Task statement –
In the entries below, the lines from the one with "Used 2019 Toyota Highlander XLE image 9" through the one with "KNDCE3LG8M5103670 2021 Kia Niro Ex Premium" are to be copied exactly; both ends count.

Available records –
= = = =
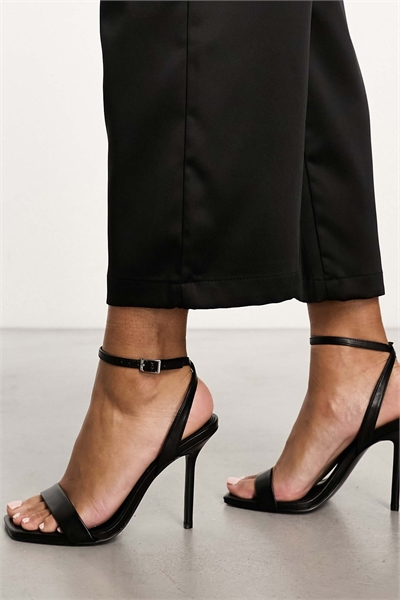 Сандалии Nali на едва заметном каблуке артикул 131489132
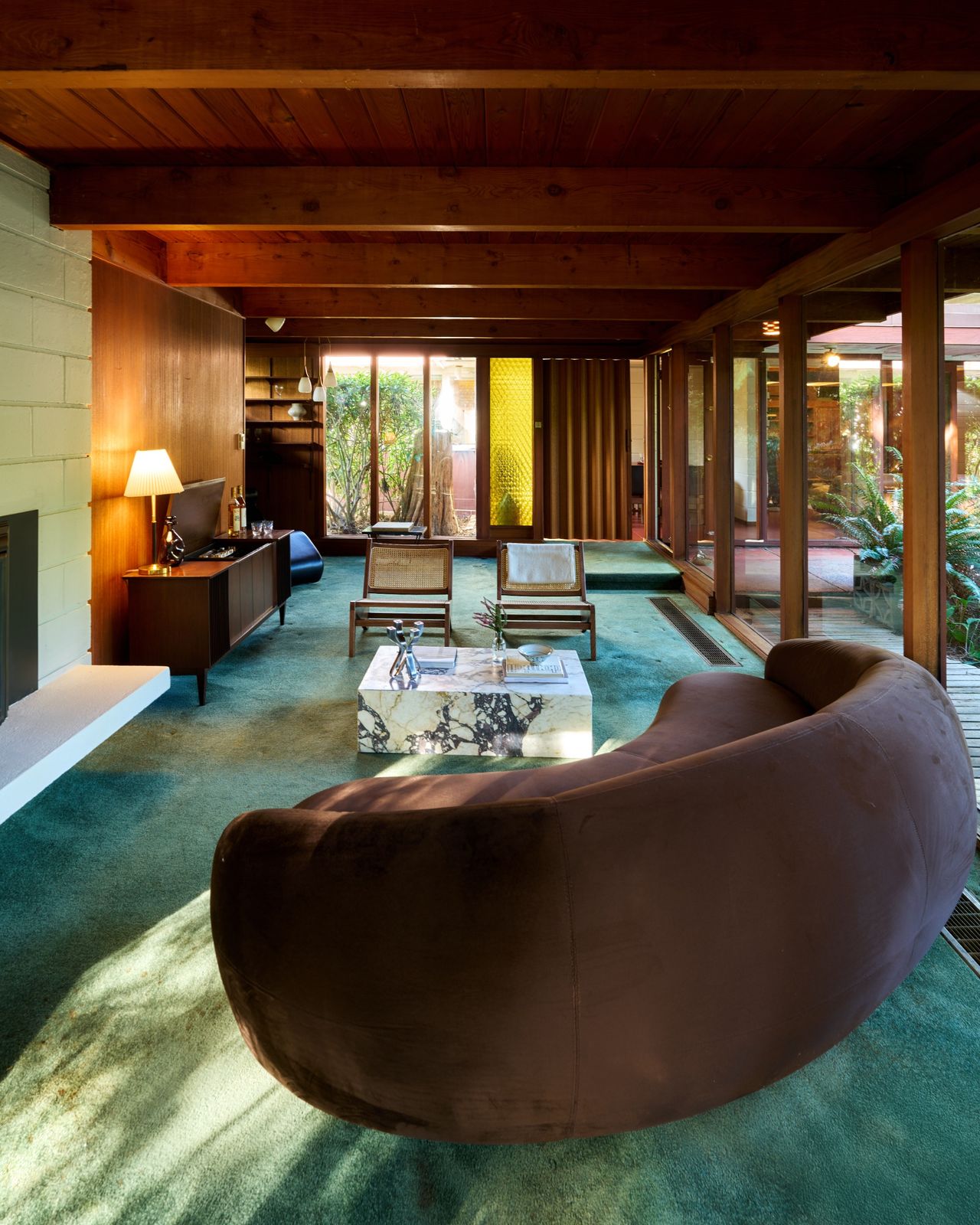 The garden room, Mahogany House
= = = =
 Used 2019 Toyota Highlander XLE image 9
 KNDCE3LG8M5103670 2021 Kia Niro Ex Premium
= = = =
Result of the exercise –
 Used 2019 Toyota Highlander XLE image 9
 KNDCE3LG8M5103670 2021 Kia Niro Ex Premium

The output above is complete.